The required output is the stretch from the line containing "user who used most gpus" through the line containing "Vinculaciones societarias de" in the records below, unaltered and with no pictures.

**AVAILABLE DATA:**
..........

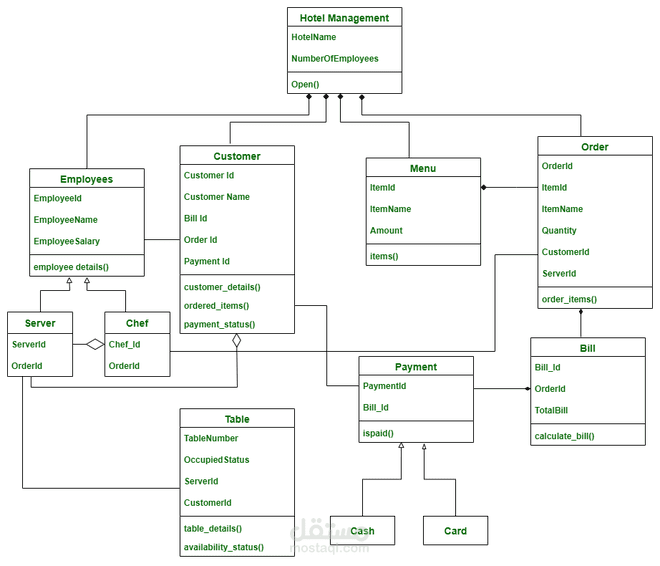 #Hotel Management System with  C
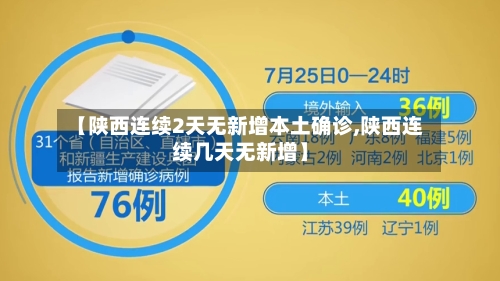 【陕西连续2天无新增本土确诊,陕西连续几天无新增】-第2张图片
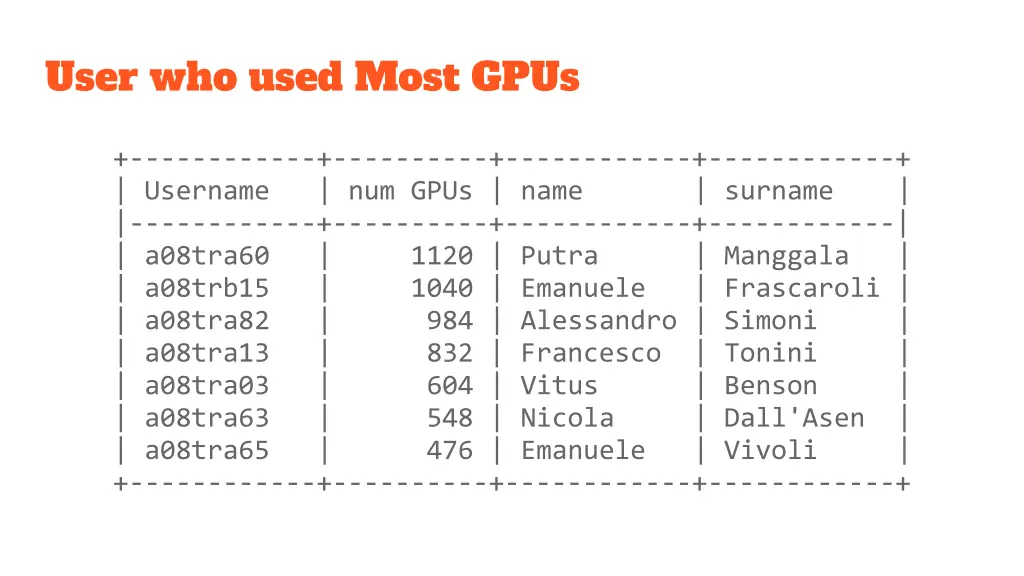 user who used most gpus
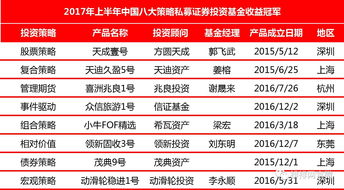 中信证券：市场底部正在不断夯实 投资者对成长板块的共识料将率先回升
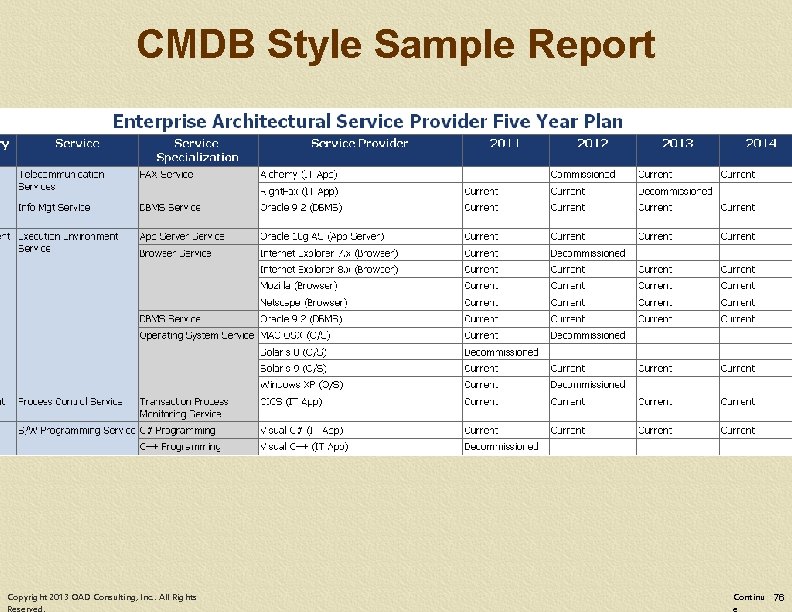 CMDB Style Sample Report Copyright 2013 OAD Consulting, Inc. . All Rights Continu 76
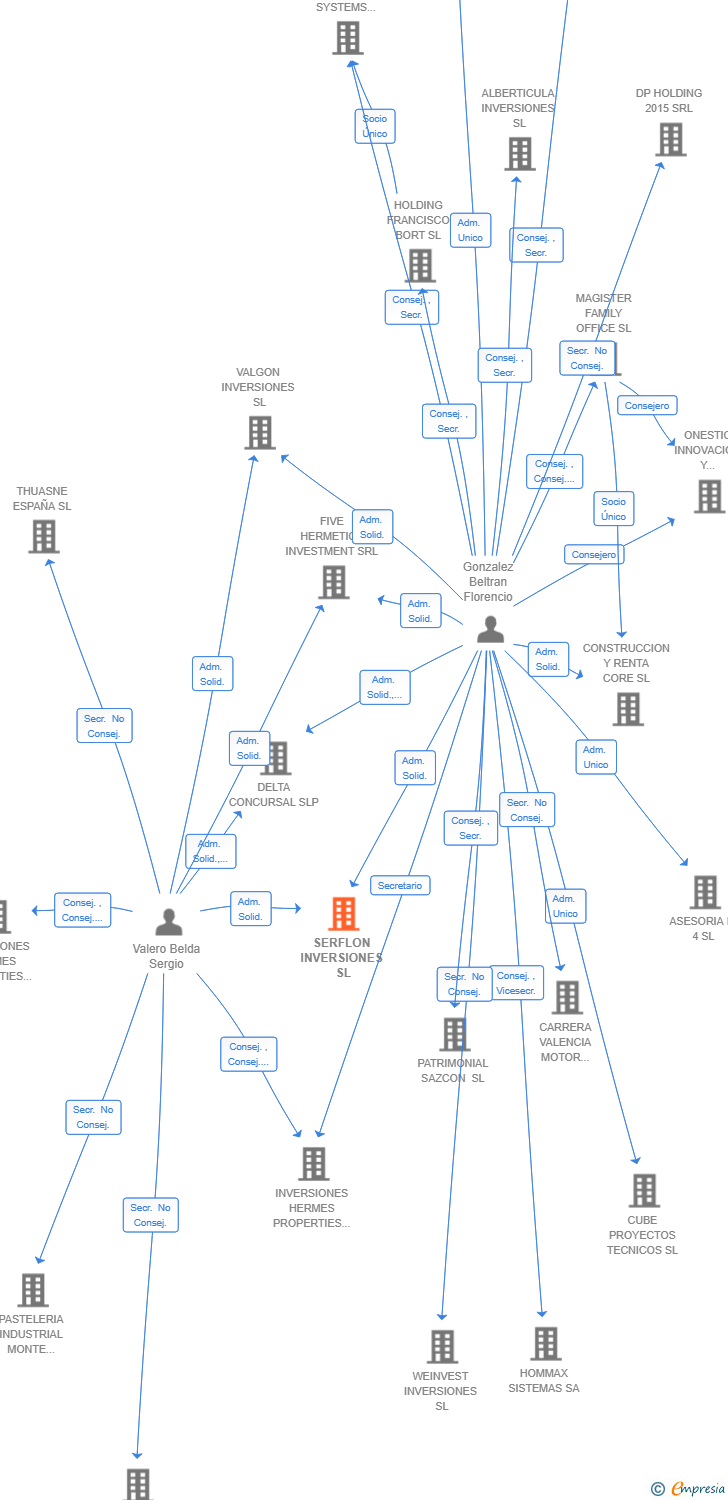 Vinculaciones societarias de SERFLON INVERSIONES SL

..........

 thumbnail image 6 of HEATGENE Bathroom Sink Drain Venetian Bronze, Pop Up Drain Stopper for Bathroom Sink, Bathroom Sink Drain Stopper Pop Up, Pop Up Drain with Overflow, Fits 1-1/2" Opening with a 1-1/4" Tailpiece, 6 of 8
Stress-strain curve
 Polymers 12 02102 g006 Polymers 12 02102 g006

..........

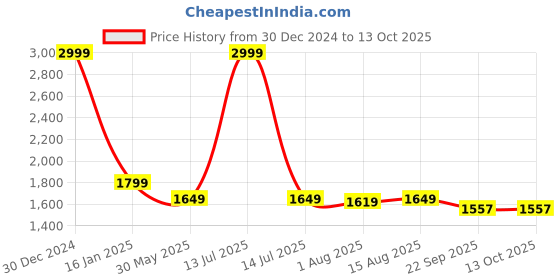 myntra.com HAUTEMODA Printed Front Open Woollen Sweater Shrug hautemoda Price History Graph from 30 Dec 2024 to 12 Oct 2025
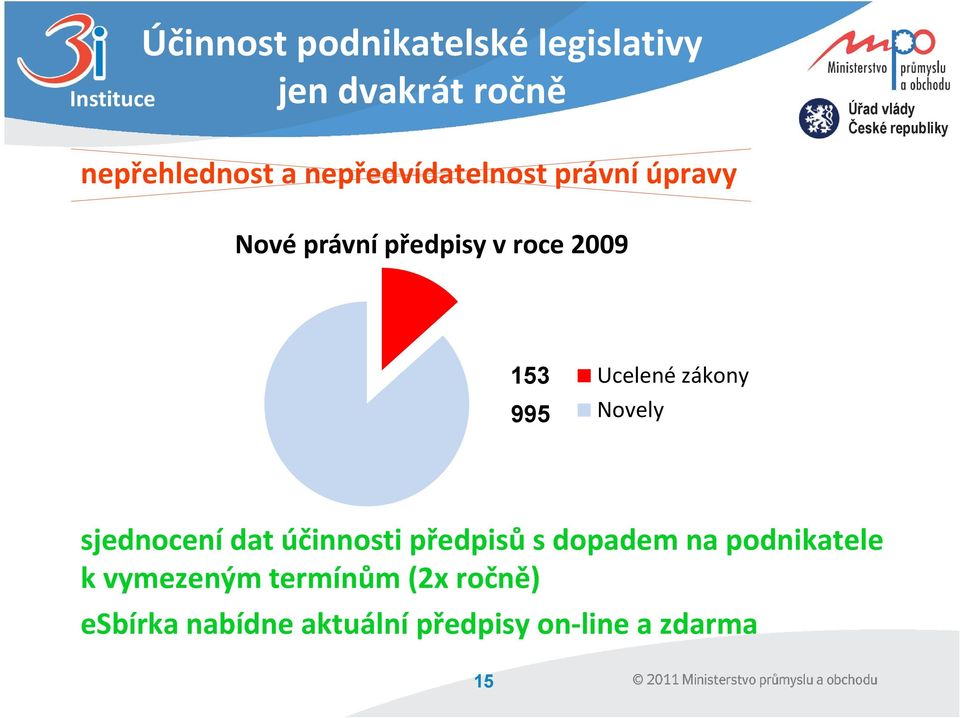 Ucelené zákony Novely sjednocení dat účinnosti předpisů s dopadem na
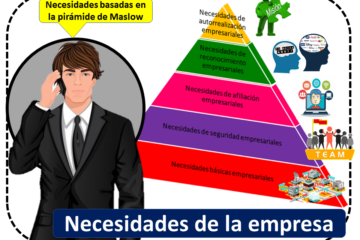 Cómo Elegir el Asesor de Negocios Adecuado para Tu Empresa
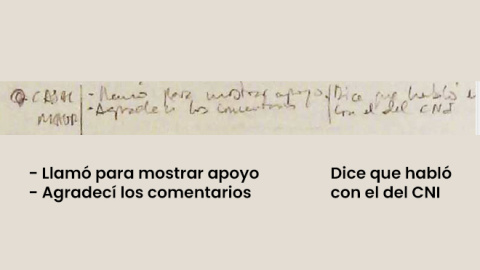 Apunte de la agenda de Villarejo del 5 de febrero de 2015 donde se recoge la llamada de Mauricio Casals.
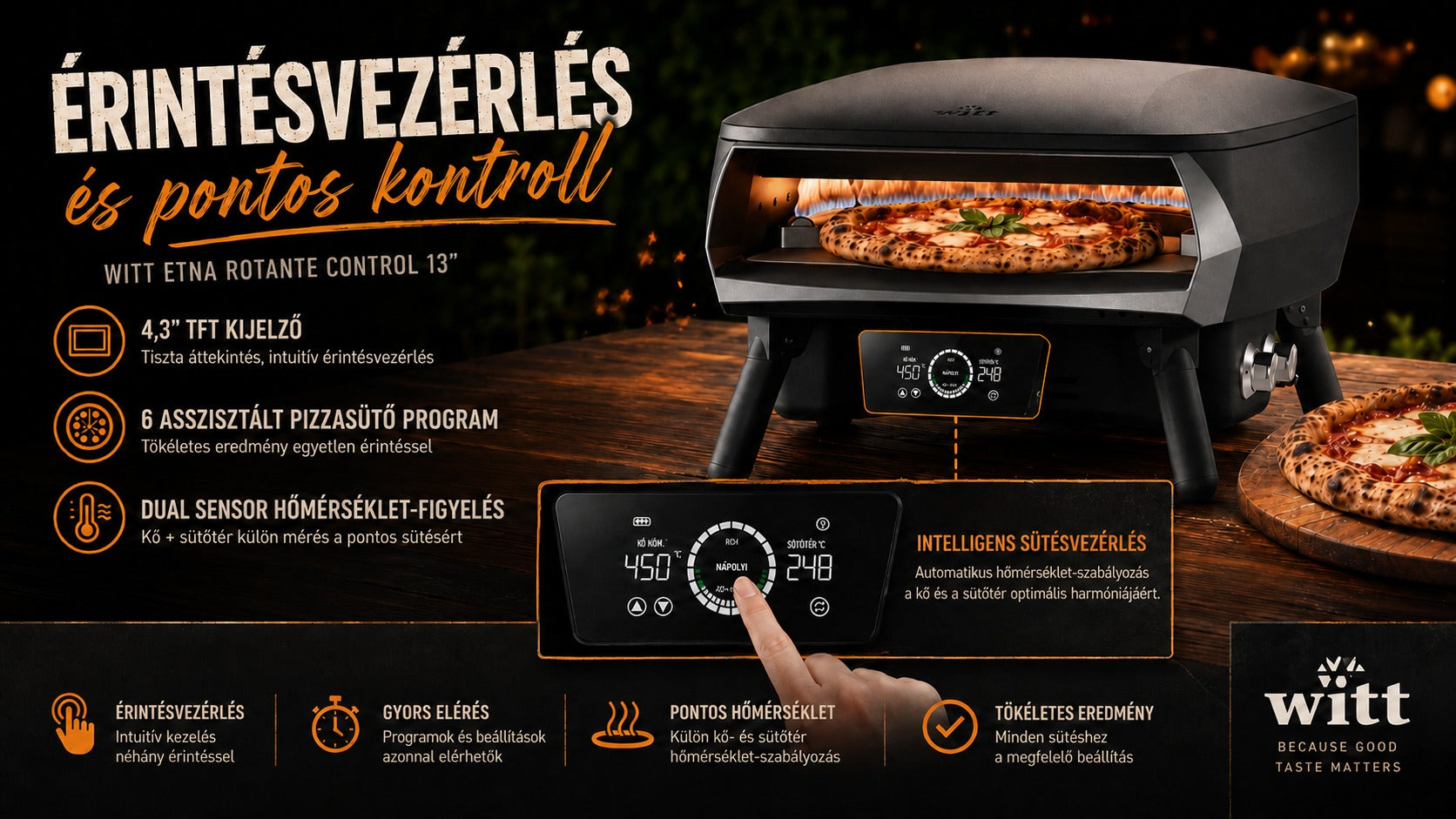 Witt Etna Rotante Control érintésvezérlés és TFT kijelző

..........

**SOLUTION:**
 user who used most gpus
 中信证券：市场底部正在不断夯实 投资者对成长板块的共识料将率先回升
 CMDB Style Sample Report Copyright 2013 OAD Consulting, Inc. . All Rights Continu 76
 Vinculaciones societarias de SERFLON INVERSIONES SL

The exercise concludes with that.